The idea of waking up Snow White with true love’s kiss is a historical aberration
There is no one true original Snow White, but the Snow White that most American audiences think of as canonical was collected by the Brothers Grimm in 1812, and then steadily revised into its most widely distributed form over the course of 17 editions, until 1864.
But the Brothers Grimm weren’t revising Snow White to try to get it as close as possible to the version of the story that was being passed back and forth between households throughout Europe. They were revising Snow White to make it a more moral children’s story, so that it would better adhere to the childrearing norms of their time.
Jacob and Wilhelm Grimm originally intended for their collection of stories to be scholarly, a patriotic attempt to study and reclaim German folk culture. They recorded the folk tales they heard with minimal edits. But after the first edition was greeted with a lukewarm reception, they decided to revise.
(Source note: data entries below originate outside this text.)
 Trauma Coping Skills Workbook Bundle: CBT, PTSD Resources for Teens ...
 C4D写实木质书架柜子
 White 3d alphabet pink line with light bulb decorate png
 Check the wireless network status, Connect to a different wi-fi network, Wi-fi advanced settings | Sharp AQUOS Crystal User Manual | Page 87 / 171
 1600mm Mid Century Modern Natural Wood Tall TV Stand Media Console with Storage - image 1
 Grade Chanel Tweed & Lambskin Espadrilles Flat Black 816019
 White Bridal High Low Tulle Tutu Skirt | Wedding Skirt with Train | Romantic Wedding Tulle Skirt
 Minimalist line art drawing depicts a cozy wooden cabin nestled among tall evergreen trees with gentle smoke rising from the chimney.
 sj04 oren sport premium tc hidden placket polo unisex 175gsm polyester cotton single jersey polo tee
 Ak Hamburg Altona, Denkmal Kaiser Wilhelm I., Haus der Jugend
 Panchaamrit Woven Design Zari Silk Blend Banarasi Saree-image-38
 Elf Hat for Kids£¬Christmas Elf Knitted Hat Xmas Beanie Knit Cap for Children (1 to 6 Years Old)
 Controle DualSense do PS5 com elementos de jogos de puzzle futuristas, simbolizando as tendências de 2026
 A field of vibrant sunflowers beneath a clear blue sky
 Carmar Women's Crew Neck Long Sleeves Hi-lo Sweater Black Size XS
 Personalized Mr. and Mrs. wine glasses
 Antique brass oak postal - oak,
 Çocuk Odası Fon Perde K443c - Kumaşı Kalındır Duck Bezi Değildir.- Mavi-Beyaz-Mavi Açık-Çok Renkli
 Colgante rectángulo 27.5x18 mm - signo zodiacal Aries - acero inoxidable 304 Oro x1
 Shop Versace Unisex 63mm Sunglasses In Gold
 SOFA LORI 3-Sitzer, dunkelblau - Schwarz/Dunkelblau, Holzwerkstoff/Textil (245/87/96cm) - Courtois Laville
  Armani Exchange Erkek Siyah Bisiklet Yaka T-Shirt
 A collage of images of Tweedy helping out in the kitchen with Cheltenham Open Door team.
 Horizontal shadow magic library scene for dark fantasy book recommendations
And revise again.
Between 1812 and 1864 they published 17 editions of Grimm’s Fairy Tales, working diligently to make the stories ever more appropriate for children. That meant the book had to reflect the Grimms’ particular 19th-century German bourgeois family values. And so wicked parents became wicked mothers acting on their own, and then wicked stepmothers; fathers were rewritten to be either virtuous but ineffectual or absent; trickster children were erased entirely. And virtuous women, ever so slowly and gradually, lost their voices.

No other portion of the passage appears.